Last week, I asked in that way of mine, "will the big tech blogs ever call Tony Hsieh an asshole?"
We have our answer.
No.
Probably he doesn't deserve such a label. If he did, his PR firm will certainly never tell.
The reason I continue to expose the inter-connectedness of the VC funded blogs and the stories, businessses, people and products they focus on is because it reveals what a *non-meritocracy* Silicon Valley has become. The big blogs take the big money from the rich insiders. They promote the myth, build the buzz, and cheer when their latest non-revenue generating venture is purchased for big money.
While you remain some nerdy Jean Valjean hungry for crumbs.
The incestuous, tightly connected relationship between big blogs, serving as PR firms, and venture capitalists, who have become masters of the fast flip, further reveals, dear reader, that there are many gatekeepers you must pay before your grand idea or wonderful business gets the press it so richly deserves.
As I've said many times: there is a reason why rich insiders fund the big tech blog media sites -- despite the fact that they will *never* earn a acceptable payout on their investment.
Because they are getting paid in so many other ways.
In my post last week, I noted that Tony Hsieh, head of Zappos, before he sold it to Amazon, is an "investor" in PandoDaily.
He also employs PandoDaily's founder's spouse.
A writer for PandoDaily is launching an online magazine. With funding from Mr Hsieh. Possibly, all its funding.
Mr Hsieh's *other businesses* are "paid sponsors" of this funded online magazine.
That buys a lot of good press. Literally.
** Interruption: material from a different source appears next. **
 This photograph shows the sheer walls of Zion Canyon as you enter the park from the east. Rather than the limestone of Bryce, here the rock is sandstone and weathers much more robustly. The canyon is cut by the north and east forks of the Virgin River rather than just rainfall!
Today, in PandoDaily, from the founder:
She was, of course, talking about Zappos, and it was clear by listening to the ensuing conversation that this woman works at Zappos for one big reason. It’s not the discounts on shoes or the crazy headquarters with different noisemakers on every aisle or the almost cultish, feel good all hands meetings. It’s because she’s insanely, ridiculously proud to work at the place that made insanely expensive customer service that almost no company could justify into a $1 billion exit. She lives her life looking for reasons to brag about that very fact to complete strangers.
That alone is an astounding fact, if you think about the trend corporate America was on with outsourced, voice recognition software and endless phone tree call centers just a few years ago. And Zappos isn’t alone. Increasingly, middle America is reclaiming the call center. Don’t call them “fly-over states” anymore, you coastal snobs. Thousands of people in America’s heartland may no longer be farming or building cars, but thousands more are making all of our lives way better every day call by call.
Something well beyond Zappos is happening here. And it’s similar to the move from commerce mega sites to curated content-driven experiences. It’s not too dissimilar from our own ethos at PandoDaily that page views are not what build a big business, rather seemingly crazy investments in what we consider to be good work does. It’s a move from a slavish reliance on machines and metrics towards things that humans are uniquely good at, things that can not be automated. It’s a reaction against the phone tree, voice-recognition software, the algorithm and any too-good-to-be-true shortcut that companies embraced over the last five to ten years.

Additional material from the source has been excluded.